PANAMA CANAL'S LESSON: U.S. MUST BUILD BRIDGES, NOT FENCES --- LA LECCION DEL CANAL DE PANAMA
Last weekend's decision by Panama to embark on a $5.2 billion expansion of the Panama Canal should teach a lesson to the new crowd of U.S. Latin America bashers -- often disguised as immigration control advocates on cable television networks -- about how wrong their predecessors were in one of Washington's biggest debates over Latin America ever. I'm talking about the 1977 Panama Canal treaties, which turned over full control of the canal to Panama in 2000. Read
the full column here, and let us know what YOU think.
My opinion Andrés Oppenheimer : Panama delivers a lesson to isolationists
My opinion Andrés Oppenheimer
Last weekend's decision by Panama to embark on a $5.2 billion expansion of the Panama Canal should teach a lesson to the new crowd of U.S. Latin America bashers often disguised as immigration control advocates about how wrong their predecessors were in one of the biggest U.S. debates over Latin America ever.
I'm talking about the 1977 Panama Canal treaties, which turned over full control of the inter-oceanic canal to Panama in 2000. During the Carter administration, when the U.S. Congress debated passionately over whether to ratify the treaties, powerful senators and journalists claimed that Panama would be incapable of running one of the world's biggest waterways.
"Panama is woefully lacking in management skills," Adm. Thomas H. Moorer, former chairman of the Joint Chiefs of Staff, told a congressional committee during the 1978 ratification process. "It is very doubtful whether it will acquire the capability to maintain and efficiently operate the canal."
"The mechanisms of the canal do not operate by means of good feelings
but requires the skillful manipulation of a complex series of locks," then-Sen. Paul Laxalt, R-Nev., told the same committee. "Panama does not have such qualified people."
The late Sen. Barry Goldwater, R-Ariz., was quoted by The New York Times on Feb. 23, 1978, as saying that Panama's corruption would ruin the canal. "I know these Latin countries. I know when it's perfectly all right to lie. You couldn't get away in the United States with the things we see gotten away in many other parts of the world," Goldwater said.
But opponents of the treaty turned out to be dead wrong. Last week, after approval of a referendum in Panama to expand the canal, I decided to do a reality check and find out how the Panamanians have managed the canal since they took it over on Dec. 31, 1999.

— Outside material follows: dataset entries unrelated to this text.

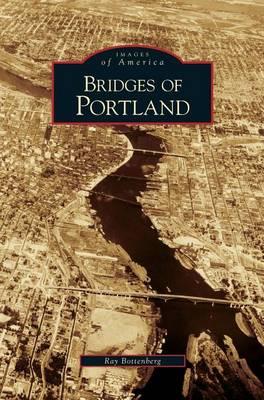 Bridges of Portland - Ray Bottenberg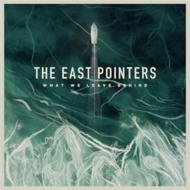 East Pointers/What We Leave Behind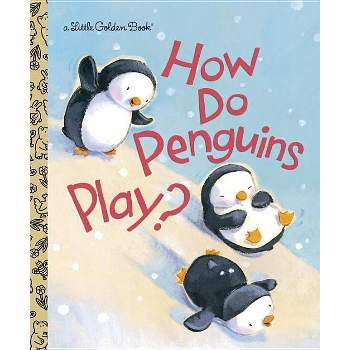 How Do Penguins Play? - (Little Golden Book) by  Diane Muldrow (Hardcover)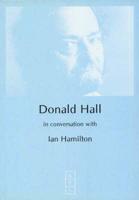 Donald Hall in Conversation With Ian Hamilton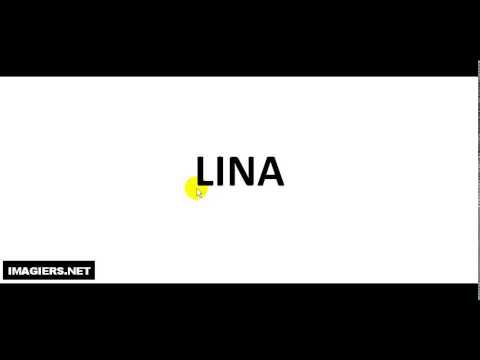 How to pronounce LINA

On virtually all counts, Panama did extremely well:
● The Panama Canal's income has soared from $769 million in 2000, the first year under Panamanian control, to $1.4 billion in 2006, according to Panama Canal Authority figures.
● Traffic through the canal went up from 230 million tons in 2000 to nearly 300 million tons in 2006;
● The number of accidents has gone down from an average of 28 per year in the late '90s to 12 accidents in 2005;
● The average transit time through the canal is averaging about 30 hours, about the same as in the late '90s;
● Canal expenses have increased much less than revenues over the past six years from $427 million in 2000 to $497 million in 2006.
"All the indicators are positive," Panama Canal Authority head Alberto Aleman Zubieta told me in an interview this week. "Contrary to the claims of those who said that Panama would be incapable of running one of the biggest routes of world trade, the opposite has happened: It has been managed just as well, if not better, than when it was under U.S. control."
Former U.S. Ambassador to Panama Linda Watt, who served in Panama from 2002 to 2005, agrees. She told me in a telephone interview that the canal operation under Panamanian hands has been "outstanding." She added, "The international shipping community is quite pleased."
Some of today's anti-immigration isolationists such as CNN's Lou Dobbs and recurrent presidential candidate Pat Buchanan have cried wolf over the fact that Panama has allowed a Hong Kong company, Hutchinson Whampoa Ltd., to run two of Panama's six ports. Panama says it's a business operation like any other. U.S. Ambassador to Panama William Eaton was quoted by the Associated Press this week as saying that China's interest in the canal is "purely economic."
My opinion: Latin America may have all kinds of unresolved problems, but history shows that America's Hispanic-allergic isolationists are often more influenced by their prejudices than by reality.
Instead of building walls to further separate the United States from Latin America, Washington should follow the European example and build bridges to the region. As the Panama Canal story shows, it can be done, if we just give people a chance.